As for dilution, SEIKO was recognised for timepieces by the majority of the Singaporean public, and the Registrar was not convinced that consumers would draw a mental connection between SEIKO and SEIKI was it is unlikely that any rational consumer would assume that Choice Fortune's electronic goods such as television sets and disc players emanated from Seiko. It was deemed implausible that the SEIKI mark would cause dilution in an unfair manner towards the goodwill in Seiko's mark. Seiko had thus failed to conciliate the elements under all the grounds raised, so SEIKI was allowed to proceed to registration.

What was significant here was that the existence of a long and established reputation could actually act against being able to establish likelihood of confusion.The more strongly a trade mark is ingrained in the mind of consumers, the less likely it is that confusion would arise. This was not a decision to give heart to owners of well-known brands.
You can read the decision in full here.

4 comments:

Anonymous said...

We have several wide screen televisions by Seiki.

Not once did the thought occur to me that Seiko was involved.

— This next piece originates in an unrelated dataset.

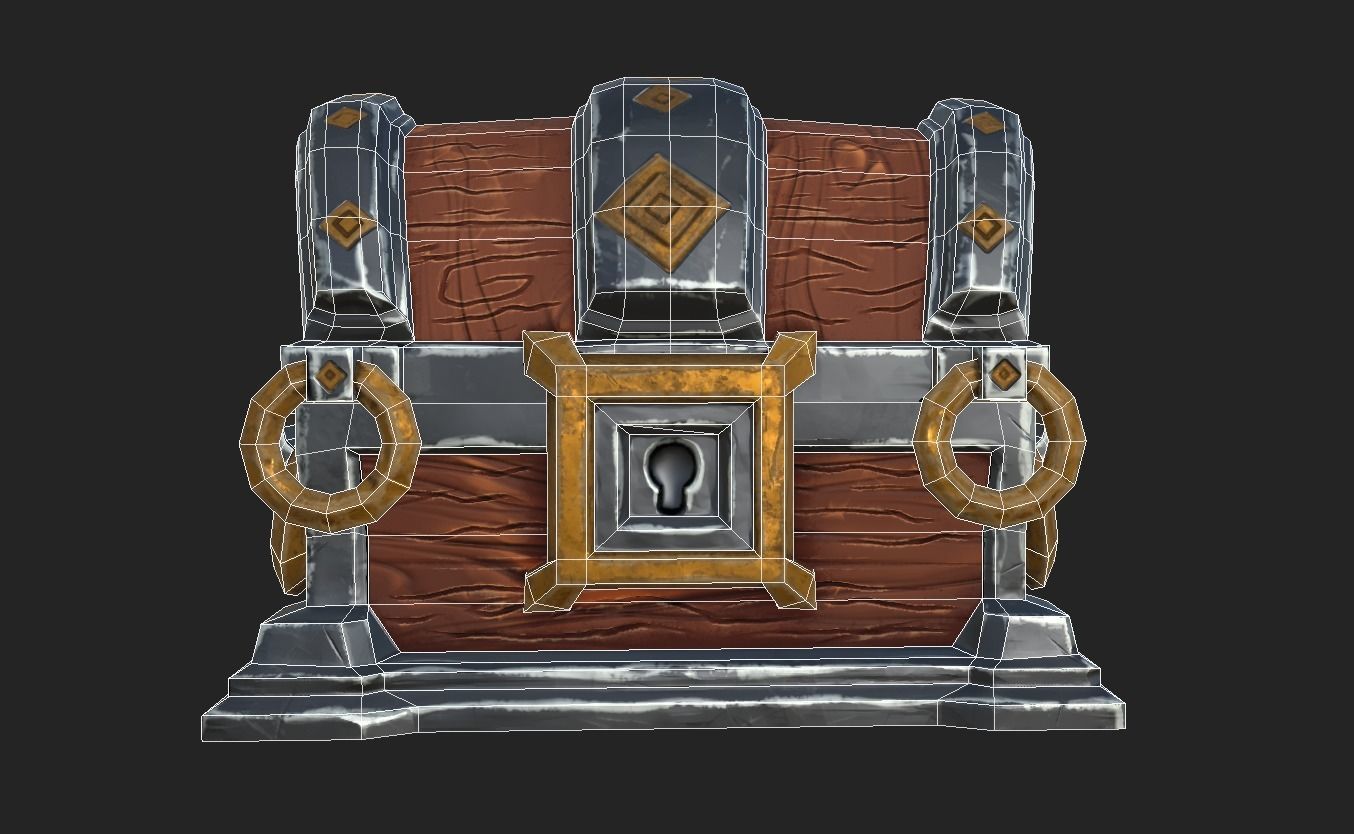 Stylized Treasure Box Low-poly 3D model_7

Never gave such 'the time of day' (as it were).

Anonymous said...

Don't know if this is relevant, but on my QWERTY keyboard the "i" and the "o" are next to one another. I would be quite capable of hitting the wrong key on occasion, which would turn seiko into seiki, or of course vice versa

Anonymous said...

...or even seoki,

or seoko...

Uhoh, are there more parties to be involved here....?

(or was that more partoes?)

Anonymous said...

Can I now apply for a trademark Epple for data processing equipment and software? Surely, no-one would confuse this with the extremely well-known trademark Apple, would they?
Trademark registration is slowly but surely becoming a totally ineffective system for protecting one company against encroachment by another.